I went to the grocery last night and did some of my food shopping...wow, that was harder than I thought it would be! It seemed like the addiction part of this whole thing was very very strong, I wanted to rip open a bag of cookies and eat them right here, the cheese aisle I wanted to go crazy and buy a bunch of cheese.
I turned my head when I walked by the pop tarts so I didn't have to see them!
It was very difficult but I do have this to say being on a very tight budget, my grocery bill went WAAAAYYYYY down! That is exciting to me!

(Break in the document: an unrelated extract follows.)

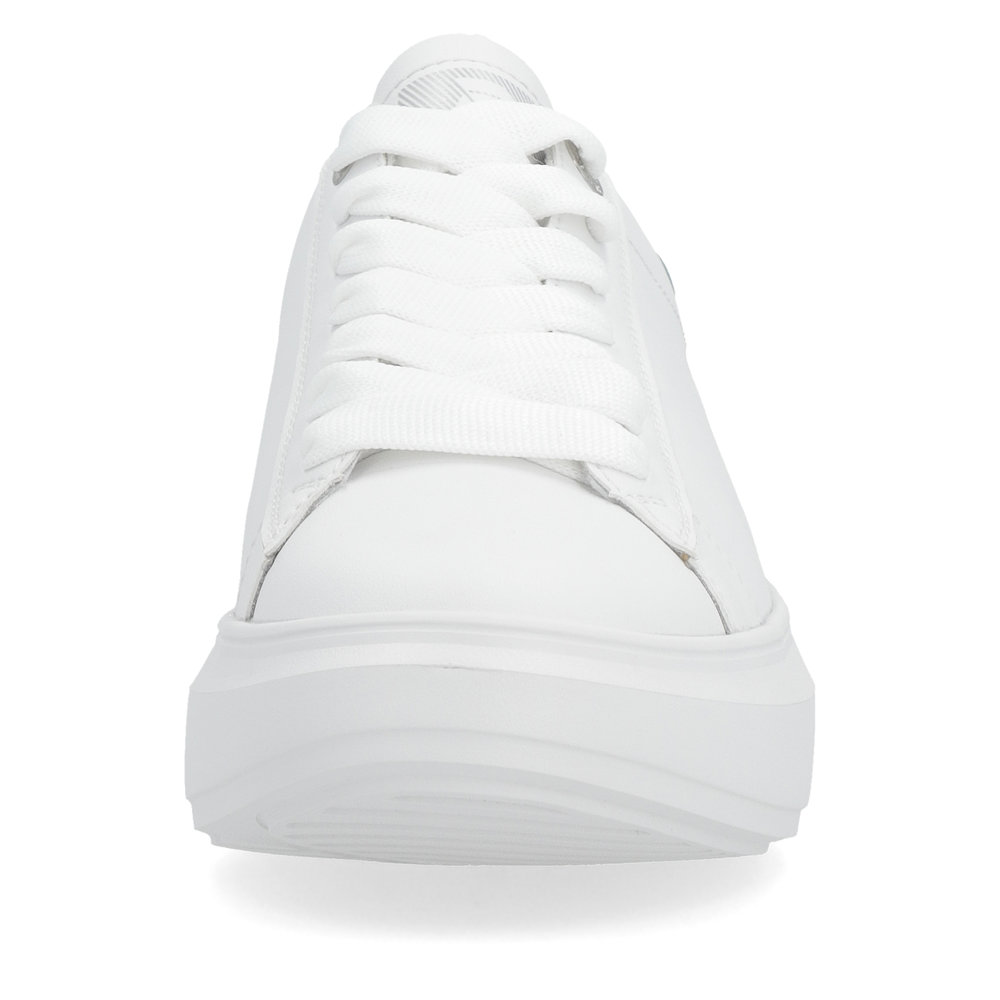 detail Dámské kožené tenisky Rieker Revolution W1201-81 bílá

So far we are actually doing very very well. I am not finding it hard to eat this way at all. I had a salad yesterday that had strawberries and blueberries on it, and we have both agreed that this one is our favorite. The day before it was tomatoes cut up, walnuts, onions, and black beans. I had never had black beans but they tasted great!
I am having a difficult time getting a smoothie combination that I like. I did one yesterday with a banana, soy milk and mixed berries, the taste was great but I had to pull about 20 seeds out of my mouth every time I took a drink! We will figure it out. I need to use more fruits that don't have seeds. I am going to try a banana peach combination tomorrow. I find that I really like Almonds natural, raw and fresh. They taste so good!

The cooked veggies at night is proving difficult too, we are rushing here and there and it is difficult fixing a "quick" dinner. Another area we need to work on.

Poor Olivia though...she has a mouth full of cold sores from eating this way. We need to find out what is causing it. I posted on the forum about it to see if Dr. Fuhrman had any suggestions for it. I am also still very sick and putting off going to the doctor to get more antibiotics and trying to get better on my own. The first round of antibiotics didn't get rid of my extremely sore throat and ears full of fluid. I am hoping that my immune system will kick into high gear pretty soon.

We are getting our before pictures taken tonight. My brother in law has a photo studio and he is going to take our pictures.
I am determined to do this....I am so excited about being skinny, active and healthy again. I want to go kayaking, and rollerblading and a whole host of other things and I can't do it in this body! I am also looking forward to not getting sick anymore as well.

Another aspect of this? I have a LOT of people watching me to see how I am doing. Not only do I risk disappointing myself but a lot of other people as well if I don't stick with this and lose the weight. Many of whom are overweight or unhealthy that really need what Dr. Fuhrman is trying to teach. So many say, "oh I couldn't do that" but I think they can if they want it bad enough.

I talked about the temptation in the grocery store, but I also noticed a LOT of unhealthy overweight people like myself, reading labels on yogurt, or picking up cheese. One family had a cart full of doritos, chips, pop, cereal, and very little fresh fruit and vegetables. The father reached in and got some frozen mixed berries and the wife said, "we will never eat those" and he put them back. They had three small children.....I wish I had hundreds of copies of Eat to Live to hand out.....I look at what is in the grocery stores and just shake my head. It is sad really.

Well I can only take care of myself and my family and that is what I am starting to do. I look forward excitedly to what the future holds and being thin and healthy again! Whoooo hooooo!